- **TASK TO COMPLETE**
Pictures are not part of the answer. Return the lines from the one containing "Объектив Canon RF" through the end of the data, both included, exactly as they appear.

Data entries
***
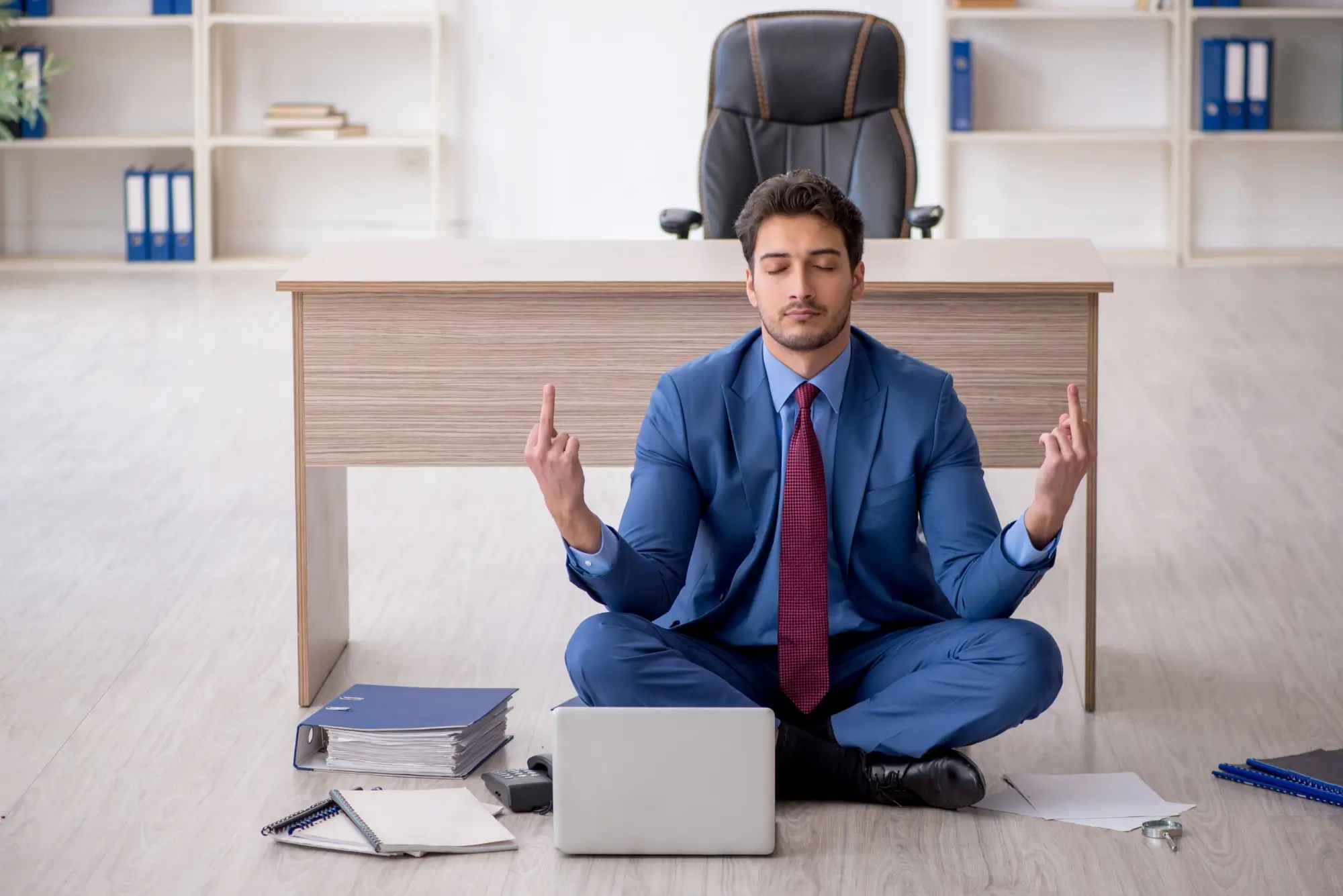 Mladý muž se vztyčenými prostředníky v práci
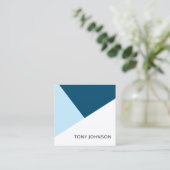 Moderner, eleganter Blue White Geometric Berater Quadratische Visitenkarte (Stehend Vorderseite)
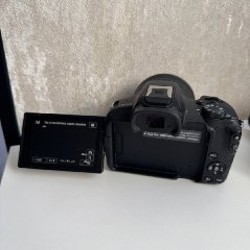 Объектив Canon RF 24mm f1.8 Macro IS STM - фото 1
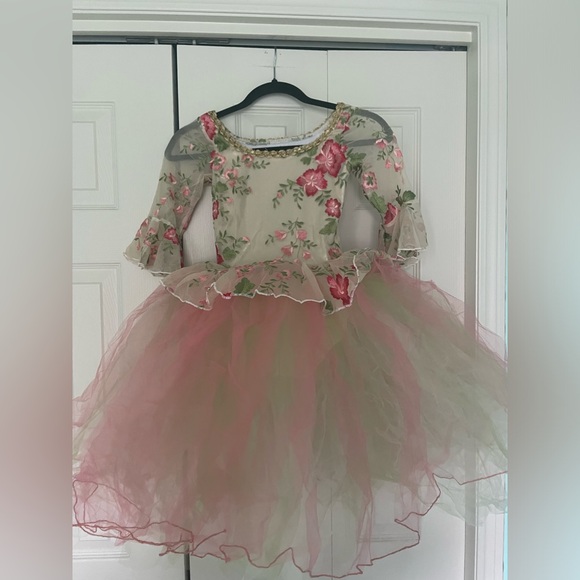 Dance costume - Picture 2 of 3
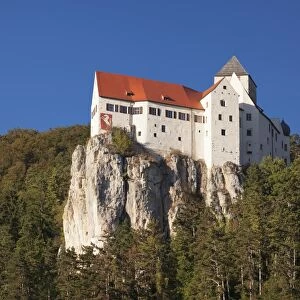 Prunn Castle, Riedenburg, nature park, Altmuehltal Valley, Bavaria, Germany, Europe
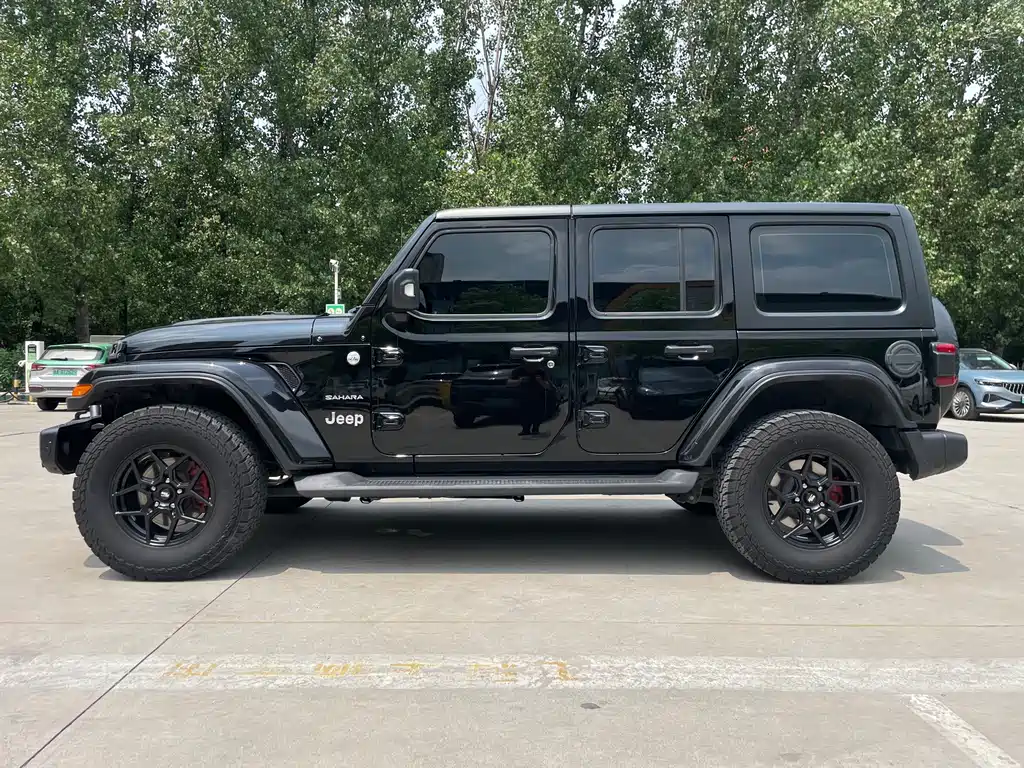 Jeep Wrangler — фото 11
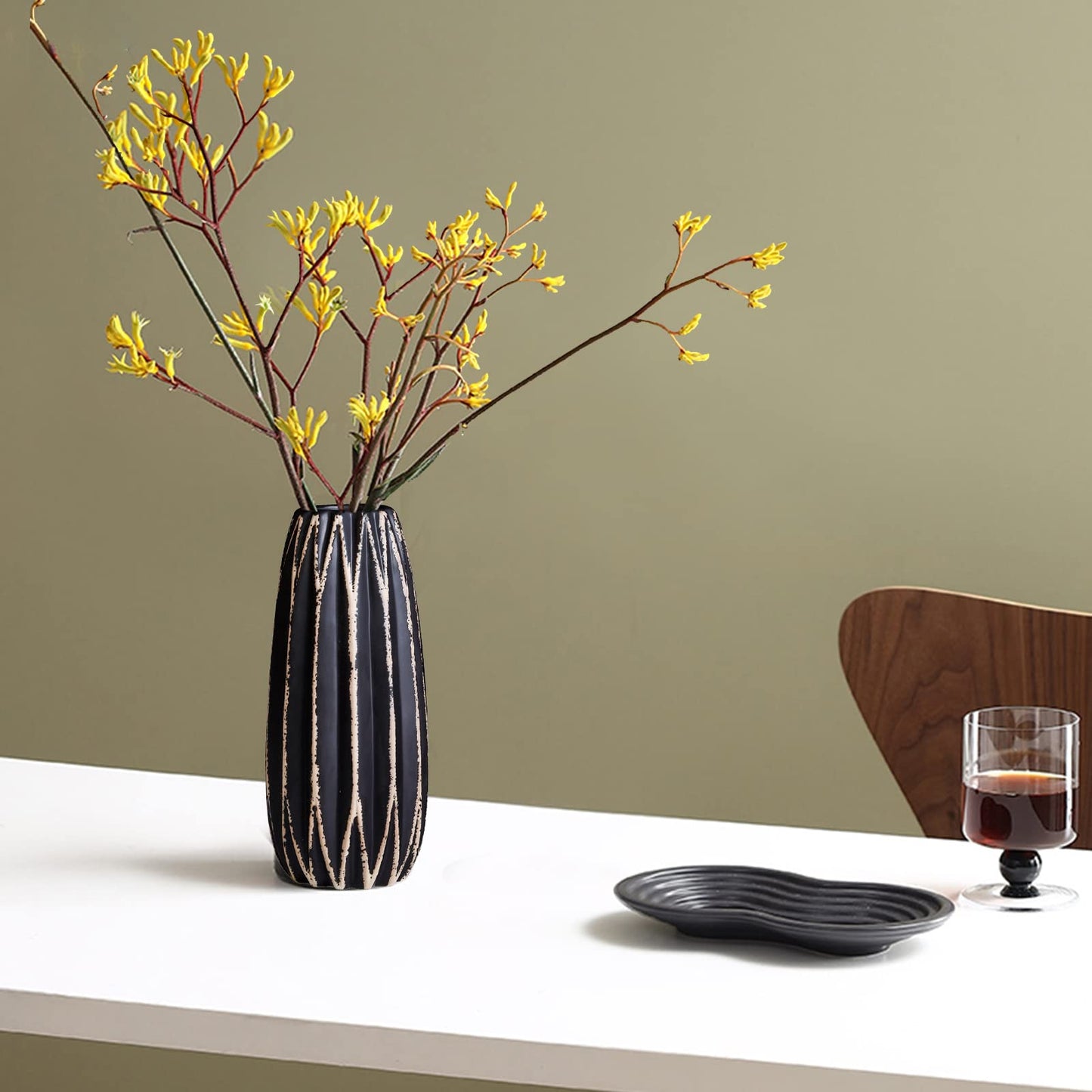 Yundu White Ceramics Vases for Home Decor, Flower Vase, Modern Farmhouse Table Décor Vase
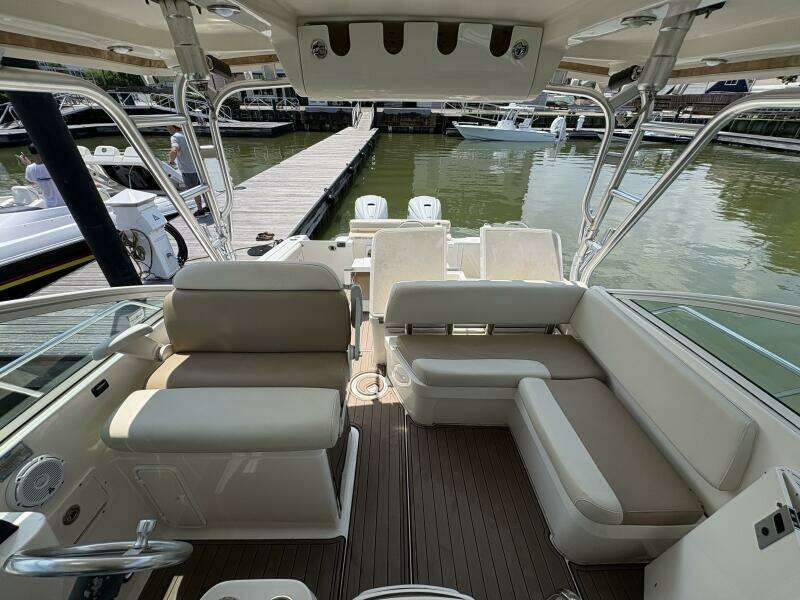 2009 Wellcraft 340 Coastal 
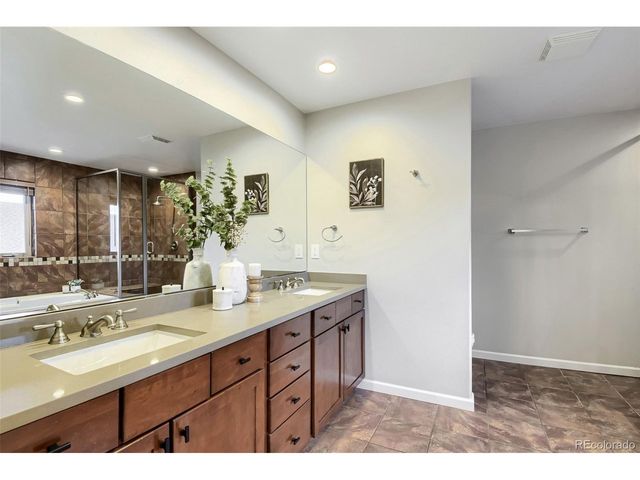 3059 S University Cir, Englewood, CO 80113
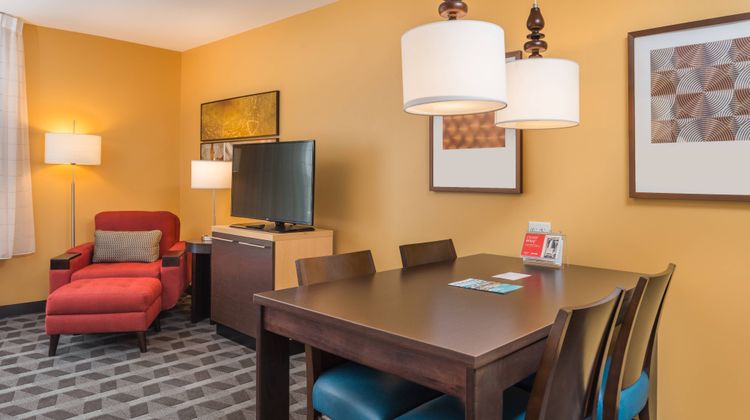 TownePlace Suites New Hartford Room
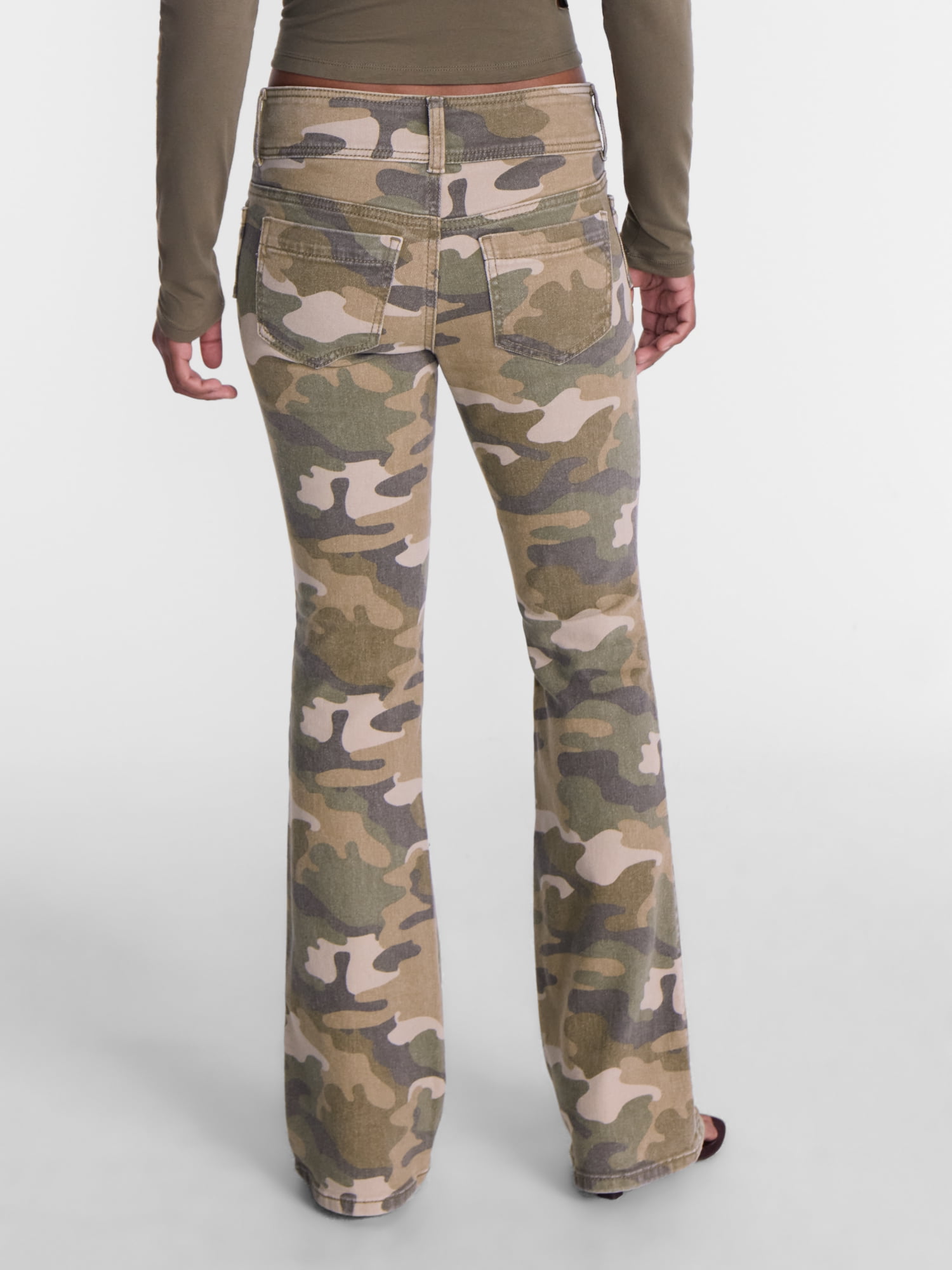No Boundaries Extended Tab Bootcut Jeans, 31.5'' Inseam, Women’s 00-20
***
- **YOUR RESPONSE**
 Объектив Canon RF 24mm f1.8 Macro IS STM - фото 1
 Dance costume - Picture 2 of 3
 Prunn Castle, Riedenburg, nature park, Altmuehltal Valley, Bavaria, Germany, Europe
 Jeep Wrangler — фото 11
 Yundu White Ceramics Vases for Home Decor, Flower Vase, Modern Farmhouse Table Décor Vase
 2009 Wellcraft 340 Coastal 
 3059 S University Cir, Englewood, CO 80113
 TownePlace Suites New Hartford Room
No Boundaries Extended Tab Bootcut Jeans, 31.5'' Inseam, Women’s 00-20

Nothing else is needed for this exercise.